The bad news regarding "crimes against persons" is that if I’d choose to victimize you, you’re going to be a victim no matter what you do. If I want you out of your trailer bad enough and you won’t come out, I’ll light it on fire. You’ll come out. There isn’t an RV built that the door won’t come open with the application of a 12” WonderBar to the door, even with deadbolts. Trailers aren’t bullet-proof. If I shoot into one, the bullet will pass through whatever is inside, and likely come out the other side. In other words, merely being inside a trailer or vehicle doesn’t guarantee “safety”. What it will do, however, is likely provide you some necessary time for tactical assessment and planning.

You alone are responsible for your safety and the safety of your family, not only while traveling, but all of the time. So, what do you do to be safe? It’s been mentioned here already. The single thing you can do to ensure your safety and the safety of your family is be aware of your surroundings and avoid situations where you’re placing yourself or find yourself being manipulated to be placed in jeopardy. The use of alcohol is involved in most crimes in and around campgrounds. Stay away from campgrounds where alcohol is allowed, and don't drink to excess while you're camping. You can't afford for YOUR judgment to be impaired in a crisis or an emergency.

If you find yourself in a position to be victimized, how you deal with it will depend on how prepared you are. Often, I have found that body language that tells the would-be offender that "I’m not cowed and will not be an easy victim" is sufficient for them to move on to an easier target. I am personally physically prepared through training and experience to assess and counter most situations that may arise. You can and should prepare yourselves similarly. Those preparations will vary according to your age and physical limitations; however, even elderly or infirm folks need not exhibit a "victim" mentality. If you don’t look and act like a victim, you greatly increase the odds of you not being one. Thinking clearly and quickly on your feet, forming an exit strategy (with whatever that entails including YOU mounting an offensive attack on your assailant if necessary), and deploying it are your best defenses against being victimized. Recognize that there are no guarantees in this world. While you are not guaranteed to come out of a situation like this unscathed, neither does your assailant have any guarantees. Take control of the situation. Turn it around to your advantage. Despite being physically and mentally prepared, in the course of my occupation over the years, I HAVE been victimized a number of times at the hand of another. Even though I have been a victim of violent crime, I have never yet "lost", and my assailants have always been successfully prosecuted.

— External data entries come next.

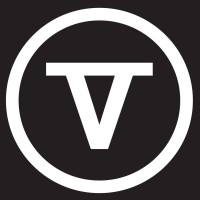 PROVACA UY logo - Similar company to Me Consultores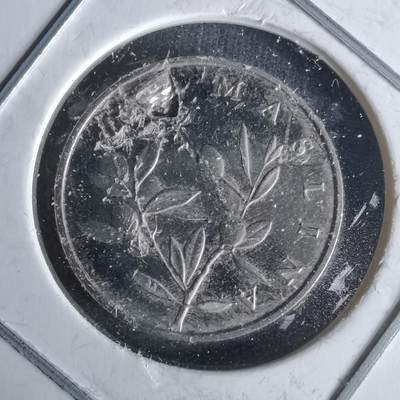 沼泽如烟--第991场 - 克罗地亚20利帕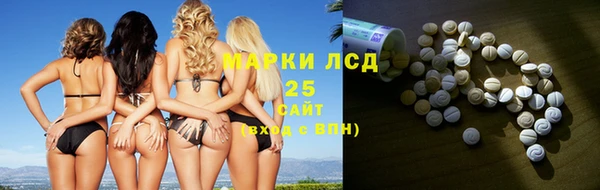 spice Горнозаводск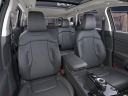Thumbnail image of 2025 Kia Sportage Hybrid at South Shore Kia
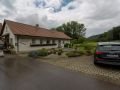 Weingut Zolg Fw1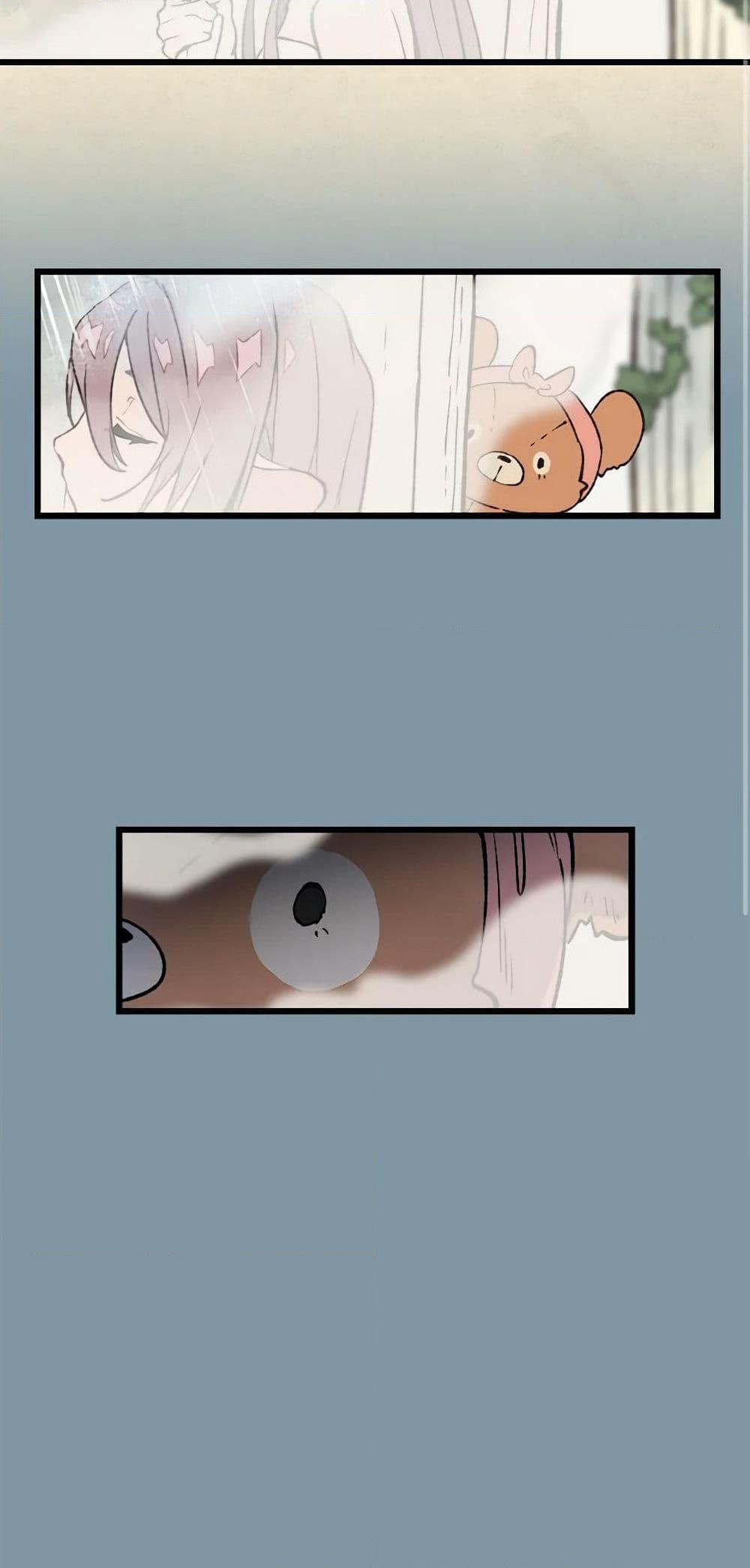 Manga-lc-com อ่านมังงะ อ่านการ์ตูน ออนไลน์ ฟรี Wait Where the Shooting Star Falls ตอนที่ 1 2 3 4 5 6 7 8 9 10 11 12 13 14 ฟรี ไม่มีโฆษณา Manga-lc - อ่าน มังงะ อ่าน การ์ตูน ออนไลน์ อ่านมังงะ ฟรี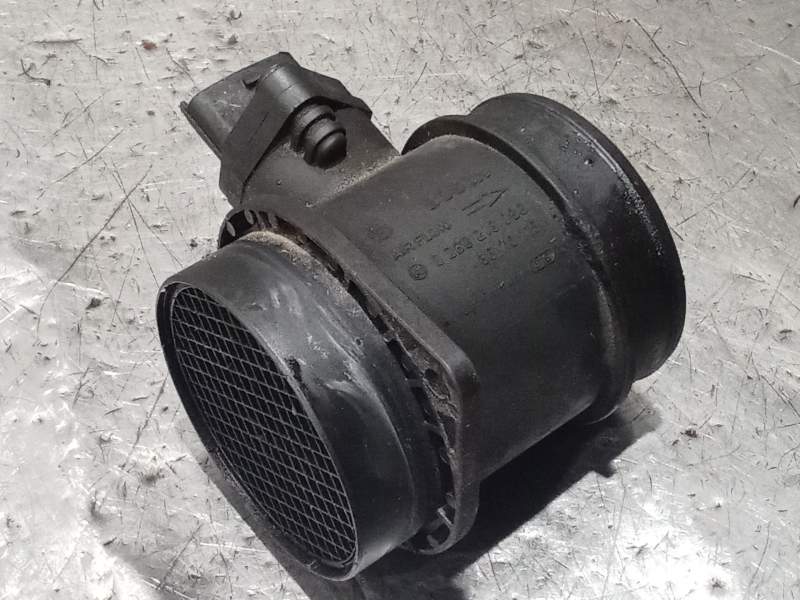 Recambio de caudalimetro para volvo s60 i (384) d5 referencia OEM IAM 0260218088 8670115 00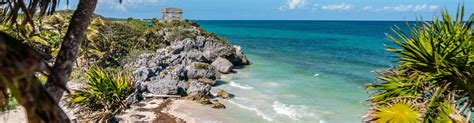 yucatan peninsula adventure intrepid travel ca
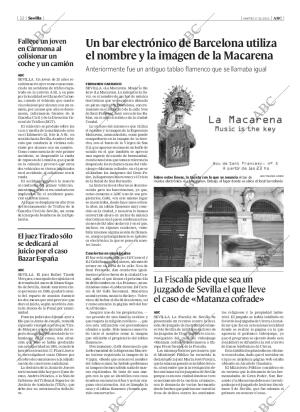 ABC SEVILLA 17-12-2002 página 32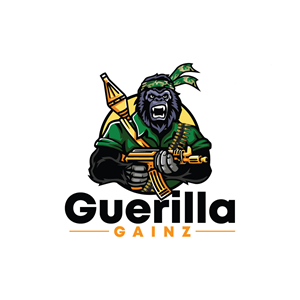 Logo Design by Rosalie.. for this project | Design: #29489349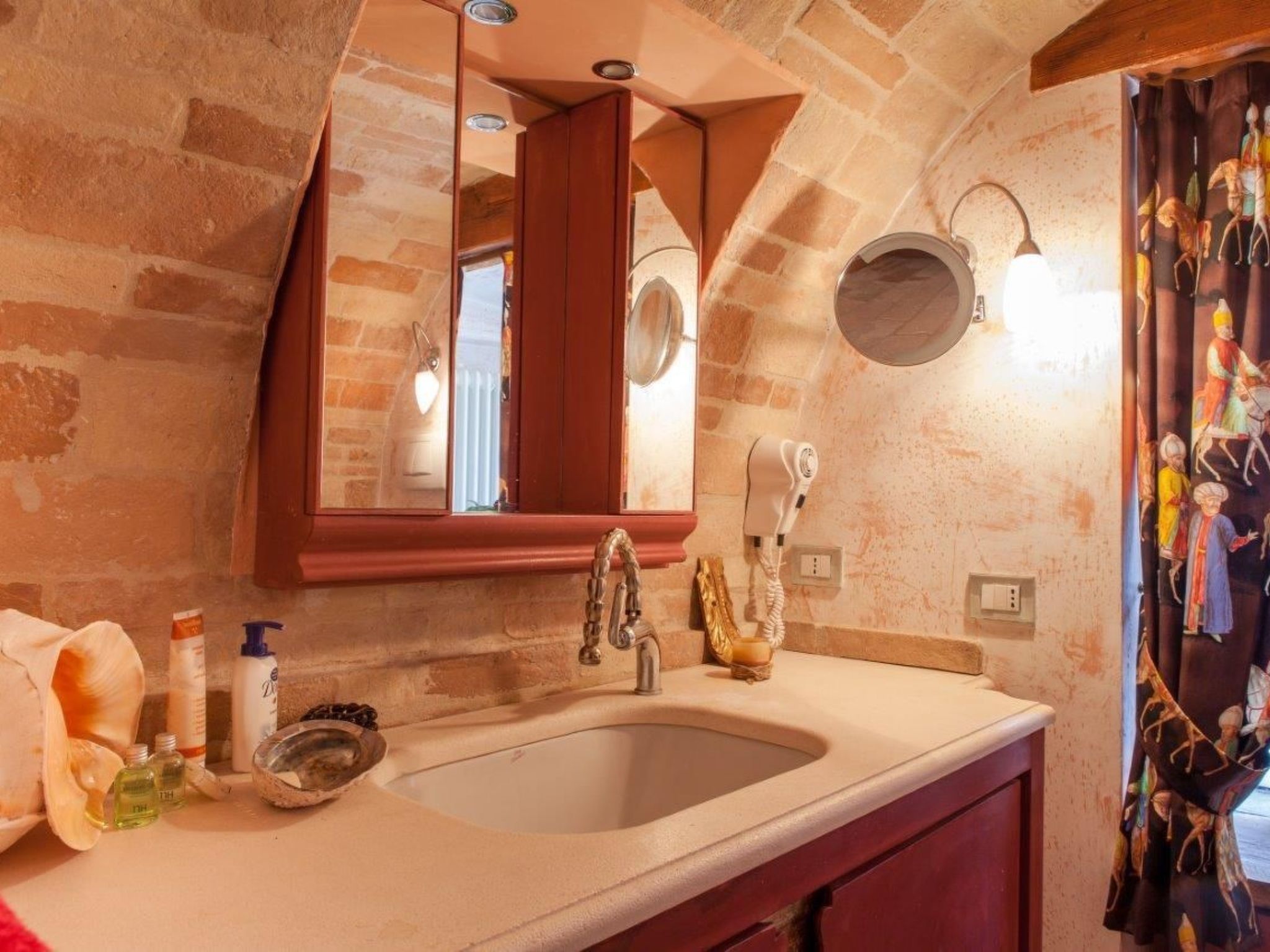 "MarcheAmore" - La Bottega di Giacomino-Image-tags.info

Guns, ball bats, knives, and all manner of other weapons are useless in the hands of the untrained and unwilling. Likewise, if you are untrained and/or unwilling to use that training with a weapon and you bring it out, you have most likely just armed an otherwise unarmed assailant as they will take that weapon away from you and use it on you. WITH proper training and a proper mindset, I am an advocate of personal defense weapons. I do NOT advocate bringing a knife or a ball bat to a gunfight.

Preparation and forethought are the keys to avoiding being a victim in our society. If you don’t place yourself in situations that are likely to be dangerous (whether the threats are urban or in the back country and from other people, animals, or nature), you’ll likely never be a victim. If you find yourself unavoidably in such a situation, planning and forethought are your keys to successful closure of that situation.